Over the past year, Sun worked with two beta testers, including the University of California's San Diego Supercomputer Center, building prototypical Honeycomb storage system out of commodity parts.

Though the final product configuration has yet to be determined, Sun has built one 3U (5.25-inch high) Honeycomb "shelf" that contains four server nodes, each running Advanced Micro Devices Inc. Opteron chips, and each with four 400GB ATA (advanced technology attachment) drives.

The Honeycomb software indexes the data on the storage appliances, essentially building a massive distributed database of information about the files. Honeycomb appliances can be networked together, giving users a way to index and search as much as a petabyte, or one million gigabytes, of storage.

The Sun researchers also wrote software that prevents data from being lost in the event of disk failure. They claim their approach is more efficient and easier to use than current RAID (redundant arrays of independent disks) products.

The appliance will likely compete with "content addressable" storage products like EMC's Centera devices or Hewlett-Packard's Reference Information Storage System, said Stanley Zaffos, research director with Gartner.
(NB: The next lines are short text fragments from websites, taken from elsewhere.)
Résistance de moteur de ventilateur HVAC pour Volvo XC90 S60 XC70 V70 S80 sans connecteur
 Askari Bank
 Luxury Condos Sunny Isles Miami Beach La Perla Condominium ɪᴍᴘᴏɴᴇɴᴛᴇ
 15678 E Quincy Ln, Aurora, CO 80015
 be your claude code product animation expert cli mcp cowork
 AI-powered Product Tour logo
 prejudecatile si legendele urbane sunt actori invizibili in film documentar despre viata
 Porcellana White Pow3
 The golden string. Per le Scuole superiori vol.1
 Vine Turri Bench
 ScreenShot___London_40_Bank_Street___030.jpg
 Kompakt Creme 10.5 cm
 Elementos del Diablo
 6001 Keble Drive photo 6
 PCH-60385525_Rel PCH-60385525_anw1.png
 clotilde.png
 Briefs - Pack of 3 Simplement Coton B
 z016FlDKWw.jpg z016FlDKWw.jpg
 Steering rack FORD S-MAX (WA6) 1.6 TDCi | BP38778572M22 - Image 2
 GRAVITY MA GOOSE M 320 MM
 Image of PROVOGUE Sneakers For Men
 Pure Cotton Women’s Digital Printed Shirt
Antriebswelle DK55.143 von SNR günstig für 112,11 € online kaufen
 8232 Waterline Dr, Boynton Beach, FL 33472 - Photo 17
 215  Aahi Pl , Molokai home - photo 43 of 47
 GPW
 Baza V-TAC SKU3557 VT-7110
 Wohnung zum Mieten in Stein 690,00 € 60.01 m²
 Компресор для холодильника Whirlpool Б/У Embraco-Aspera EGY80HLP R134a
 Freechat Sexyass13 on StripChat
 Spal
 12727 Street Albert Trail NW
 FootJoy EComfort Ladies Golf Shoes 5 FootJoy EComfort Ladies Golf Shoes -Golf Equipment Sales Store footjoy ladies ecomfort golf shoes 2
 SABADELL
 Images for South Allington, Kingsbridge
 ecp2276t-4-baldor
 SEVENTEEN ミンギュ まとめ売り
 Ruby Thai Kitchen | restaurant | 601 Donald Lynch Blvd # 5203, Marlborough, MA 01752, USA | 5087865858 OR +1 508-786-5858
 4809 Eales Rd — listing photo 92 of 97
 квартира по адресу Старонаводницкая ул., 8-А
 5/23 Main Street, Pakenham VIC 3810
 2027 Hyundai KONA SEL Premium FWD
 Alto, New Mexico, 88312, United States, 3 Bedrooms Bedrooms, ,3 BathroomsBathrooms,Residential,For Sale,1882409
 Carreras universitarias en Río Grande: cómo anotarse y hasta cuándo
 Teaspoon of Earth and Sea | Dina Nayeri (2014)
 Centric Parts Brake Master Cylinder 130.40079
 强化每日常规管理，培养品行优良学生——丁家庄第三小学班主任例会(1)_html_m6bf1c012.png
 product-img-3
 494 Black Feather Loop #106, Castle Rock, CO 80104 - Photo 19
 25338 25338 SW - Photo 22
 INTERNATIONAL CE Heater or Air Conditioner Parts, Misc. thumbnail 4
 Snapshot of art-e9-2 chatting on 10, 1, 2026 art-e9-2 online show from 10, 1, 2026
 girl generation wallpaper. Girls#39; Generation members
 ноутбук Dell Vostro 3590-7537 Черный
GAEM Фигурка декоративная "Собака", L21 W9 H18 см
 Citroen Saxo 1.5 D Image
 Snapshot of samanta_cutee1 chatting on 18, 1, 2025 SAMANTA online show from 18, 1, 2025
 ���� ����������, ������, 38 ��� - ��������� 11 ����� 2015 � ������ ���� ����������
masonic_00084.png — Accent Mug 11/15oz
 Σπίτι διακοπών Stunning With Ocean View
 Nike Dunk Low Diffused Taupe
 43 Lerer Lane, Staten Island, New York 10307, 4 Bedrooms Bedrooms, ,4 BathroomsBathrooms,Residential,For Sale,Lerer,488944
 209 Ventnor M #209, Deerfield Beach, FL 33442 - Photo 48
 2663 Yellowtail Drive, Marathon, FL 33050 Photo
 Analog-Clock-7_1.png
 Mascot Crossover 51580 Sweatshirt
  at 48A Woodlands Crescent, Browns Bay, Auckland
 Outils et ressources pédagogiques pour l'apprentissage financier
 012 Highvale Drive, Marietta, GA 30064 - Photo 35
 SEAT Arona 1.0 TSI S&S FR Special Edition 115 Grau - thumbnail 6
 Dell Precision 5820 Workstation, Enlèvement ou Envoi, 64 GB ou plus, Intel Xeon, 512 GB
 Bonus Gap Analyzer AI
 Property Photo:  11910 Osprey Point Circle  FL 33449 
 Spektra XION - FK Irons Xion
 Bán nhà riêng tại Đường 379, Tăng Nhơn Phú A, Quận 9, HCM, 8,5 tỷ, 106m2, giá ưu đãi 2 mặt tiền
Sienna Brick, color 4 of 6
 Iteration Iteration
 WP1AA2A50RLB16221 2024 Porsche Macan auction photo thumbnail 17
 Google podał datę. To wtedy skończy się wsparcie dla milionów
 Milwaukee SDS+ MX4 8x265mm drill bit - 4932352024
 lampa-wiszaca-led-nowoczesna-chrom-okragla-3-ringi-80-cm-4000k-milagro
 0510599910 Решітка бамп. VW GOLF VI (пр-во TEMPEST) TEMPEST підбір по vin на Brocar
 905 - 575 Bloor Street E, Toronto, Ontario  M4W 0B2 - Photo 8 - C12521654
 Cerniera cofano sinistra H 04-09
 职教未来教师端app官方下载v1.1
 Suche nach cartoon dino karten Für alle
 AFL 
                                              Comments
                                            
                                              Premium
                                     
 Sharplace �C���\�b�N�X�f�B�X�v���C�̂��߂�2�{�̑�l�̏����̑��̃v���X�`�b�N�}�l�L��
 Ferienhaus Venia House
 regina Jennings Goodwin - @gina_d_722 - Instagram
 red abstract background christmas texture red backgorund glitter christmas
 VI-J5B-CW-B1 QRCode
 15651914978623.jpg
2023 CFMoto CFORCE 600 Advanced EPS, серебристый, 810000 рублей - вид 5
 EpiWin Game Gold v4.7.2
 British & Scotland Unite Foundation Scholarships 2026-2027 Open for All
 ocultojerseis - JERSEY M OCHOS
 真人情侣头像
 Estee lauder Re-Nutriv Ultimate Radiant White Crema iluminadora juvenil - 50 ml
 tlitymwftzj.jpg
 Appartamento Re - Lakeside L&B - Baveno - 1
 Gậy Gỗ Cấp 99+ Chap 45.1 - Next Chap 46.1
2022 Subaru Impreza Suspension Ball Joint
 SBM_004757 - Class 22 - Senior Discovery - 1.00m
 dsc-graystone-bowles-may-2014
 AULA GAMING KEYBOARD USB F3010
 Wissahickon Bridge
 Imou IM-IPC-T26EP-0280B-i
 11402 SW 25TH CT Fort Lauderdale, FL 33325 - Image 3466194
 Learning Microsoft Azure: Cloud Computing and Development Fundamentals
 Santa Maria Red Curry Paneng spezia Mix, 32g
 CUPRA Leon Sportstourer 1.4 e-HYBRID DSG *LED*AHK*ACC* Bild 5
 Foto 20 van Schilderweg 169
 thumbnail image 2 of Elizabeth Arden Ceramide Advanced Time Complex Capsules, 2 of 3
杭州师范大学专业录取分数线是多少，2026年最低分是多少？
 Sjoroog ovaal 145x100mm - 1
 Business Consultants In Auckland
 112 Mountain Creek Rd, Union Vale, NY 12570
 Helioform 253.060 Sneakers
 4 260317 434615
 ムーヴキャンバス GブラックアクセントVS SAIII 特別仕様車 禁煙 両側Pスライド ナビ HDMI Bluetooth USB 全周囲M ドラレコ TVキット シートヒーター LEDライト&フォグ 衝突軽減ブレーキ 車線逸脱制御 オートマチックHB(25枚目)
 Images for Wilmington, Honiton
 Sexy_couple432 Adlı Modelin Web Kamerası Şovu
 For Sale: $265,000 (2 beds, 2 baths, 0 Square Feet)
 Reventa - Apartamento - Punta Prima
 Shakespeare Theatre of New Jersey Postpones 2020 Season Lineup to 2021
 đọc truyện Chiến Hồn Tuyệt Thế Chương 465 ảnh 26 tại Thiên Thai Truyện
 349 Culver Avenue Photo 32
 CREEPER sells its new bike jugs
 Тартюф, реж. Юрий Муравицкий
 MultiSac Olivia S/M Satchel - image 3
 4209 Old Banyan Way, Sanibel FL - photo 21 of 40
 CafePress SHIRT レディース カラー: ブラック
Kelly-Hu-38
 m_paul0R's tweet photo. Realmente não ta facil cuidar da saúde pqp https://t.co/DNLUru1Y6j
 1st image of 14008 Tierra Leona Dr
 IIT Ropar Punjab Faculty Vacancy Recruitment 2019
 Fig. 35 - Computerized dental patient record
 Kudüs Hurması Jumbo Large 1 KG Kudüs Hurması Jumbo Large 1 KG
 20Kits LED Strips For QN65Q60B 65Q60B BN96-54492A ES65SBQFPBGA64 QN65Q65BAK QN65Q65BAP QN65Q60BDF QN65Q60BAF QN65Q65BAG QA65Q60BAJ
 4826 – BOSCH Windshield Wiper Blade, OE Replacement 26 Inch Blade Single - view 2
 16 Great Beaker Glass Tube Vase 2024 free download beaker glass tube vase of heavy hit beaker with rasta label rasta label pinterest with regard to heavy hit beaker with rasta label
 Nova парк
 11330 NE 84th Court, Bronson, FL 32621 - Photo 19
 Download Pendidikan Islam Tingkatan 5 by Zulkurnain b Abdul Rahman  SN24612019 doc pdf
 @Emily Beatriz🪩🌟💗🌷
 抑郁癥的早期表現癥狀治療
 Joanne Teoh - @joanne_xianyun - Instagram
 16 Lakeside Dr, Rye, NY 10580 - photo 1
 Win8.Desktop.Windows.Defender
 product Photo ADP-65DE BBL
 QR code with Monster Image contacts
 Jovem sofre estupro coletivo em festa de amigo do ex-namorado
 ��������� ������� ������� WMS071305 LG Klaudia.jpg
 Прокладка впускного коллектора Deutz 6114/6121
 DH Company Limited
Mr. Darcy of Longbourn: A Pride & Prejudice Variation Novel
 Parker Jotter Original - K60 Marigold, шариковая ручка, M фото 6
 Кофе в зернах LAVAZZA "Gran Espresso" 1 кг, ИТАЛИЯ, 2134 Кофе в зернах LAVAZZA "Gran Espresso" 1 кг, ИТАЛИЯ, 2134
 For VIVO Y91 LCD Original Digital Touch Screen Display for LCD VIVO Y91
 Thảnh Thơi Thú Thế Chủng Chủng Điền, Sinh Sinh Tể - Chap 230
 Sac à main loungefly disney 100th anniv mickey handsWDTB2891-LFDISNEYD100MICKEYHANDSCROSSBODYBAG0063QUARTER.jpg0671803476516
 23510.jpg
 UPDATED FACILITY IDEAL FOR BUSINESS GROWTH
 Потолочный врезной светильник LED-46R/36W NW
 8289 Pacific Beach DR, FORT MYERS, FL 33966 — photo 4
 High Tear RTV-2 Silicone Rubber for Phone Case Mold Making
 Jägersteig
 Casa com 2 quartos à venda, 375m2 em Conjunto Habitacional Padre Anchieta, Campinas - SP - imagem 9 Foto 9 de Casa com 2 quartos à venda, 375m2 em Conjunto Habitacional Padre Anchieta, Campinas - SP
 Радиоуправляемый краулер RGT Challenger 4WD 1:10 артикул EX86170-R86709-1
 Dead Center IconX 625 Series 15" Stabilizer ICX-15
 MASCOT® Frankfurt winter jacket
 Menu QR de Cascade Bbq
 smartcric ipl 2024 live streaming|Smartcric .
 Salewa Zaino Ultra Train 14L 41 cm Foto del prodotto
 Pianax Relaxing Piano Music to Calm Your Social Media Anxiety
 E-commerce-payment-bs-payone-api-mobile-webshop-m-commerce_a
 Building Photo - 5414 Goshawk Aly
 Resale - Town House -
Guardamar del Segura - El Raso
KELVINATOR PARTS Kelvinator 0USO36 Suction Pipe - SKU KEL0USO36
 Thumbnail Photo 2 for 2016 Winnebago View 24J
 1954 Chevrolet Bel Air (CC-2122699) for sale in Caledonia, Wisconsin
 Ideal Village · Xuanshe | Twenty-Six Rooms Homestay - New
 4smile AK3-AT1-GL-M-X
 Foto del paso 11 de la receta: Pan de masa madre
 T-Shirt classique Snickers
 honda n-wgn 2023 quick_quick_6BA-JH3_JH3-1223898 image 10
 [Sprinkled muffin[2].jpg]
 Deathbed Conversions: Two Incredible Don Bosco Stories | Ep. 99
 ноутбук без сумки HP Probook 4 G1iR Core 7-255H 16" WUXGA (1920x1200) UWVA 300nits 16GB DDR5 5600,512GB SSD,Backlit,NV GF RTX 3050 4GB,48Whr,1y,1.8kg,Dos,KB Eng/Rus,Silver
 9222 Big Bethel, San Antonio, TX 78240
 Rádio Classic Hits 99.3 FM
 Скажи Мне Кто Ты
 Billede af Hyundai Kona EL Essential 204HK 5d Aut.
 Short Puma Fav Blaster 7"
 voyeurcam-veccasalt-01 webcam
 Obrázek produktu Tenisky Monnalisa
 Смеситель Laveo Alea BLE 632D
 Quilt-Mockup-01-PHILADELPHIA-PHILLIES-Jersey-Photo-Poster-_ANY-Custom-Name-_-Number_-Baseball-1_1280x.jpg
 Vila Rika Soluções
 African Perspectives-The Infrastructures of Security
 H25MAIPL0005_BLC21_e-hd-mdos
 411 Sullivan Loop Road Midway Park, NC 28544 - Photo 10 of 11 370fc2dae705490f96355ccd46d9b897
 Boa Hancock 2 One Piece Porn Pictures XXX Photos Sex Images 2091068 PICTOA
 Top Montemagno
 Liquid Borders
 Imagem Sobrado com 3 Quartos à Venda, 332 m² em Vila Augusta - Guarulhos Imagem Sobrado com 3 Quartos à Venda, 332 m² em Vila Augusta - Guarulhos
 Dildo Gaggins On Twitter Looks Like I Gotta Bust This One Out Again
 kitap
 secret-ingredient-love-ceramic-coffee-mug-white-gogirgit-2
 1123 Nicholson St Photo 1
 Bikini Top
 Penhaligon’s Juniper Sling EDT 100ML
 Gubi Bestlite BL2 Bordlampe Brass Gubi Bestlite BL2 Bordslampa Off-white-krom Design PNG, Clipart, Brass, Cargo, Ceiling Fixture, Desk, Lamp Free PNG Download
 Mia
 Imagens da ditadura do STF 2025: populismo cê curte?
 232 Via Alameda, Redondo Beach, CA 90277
One major difference, however, is that Honeycomb users will increase storage capacity by adding server nodes rather than individual disks, he said.

Honeycomb is about six months away from being unveiled as a product, and Sun executives are still debating whether to include the software as part of the companies existing NAS (network attached storage) servers, or to offer Honeycomb as a stand-alone product. Either way, the company clearly has high hopes for Honeycomb. "If we get it right, it'll be as big as NFS (Network File System)," Whitemore said.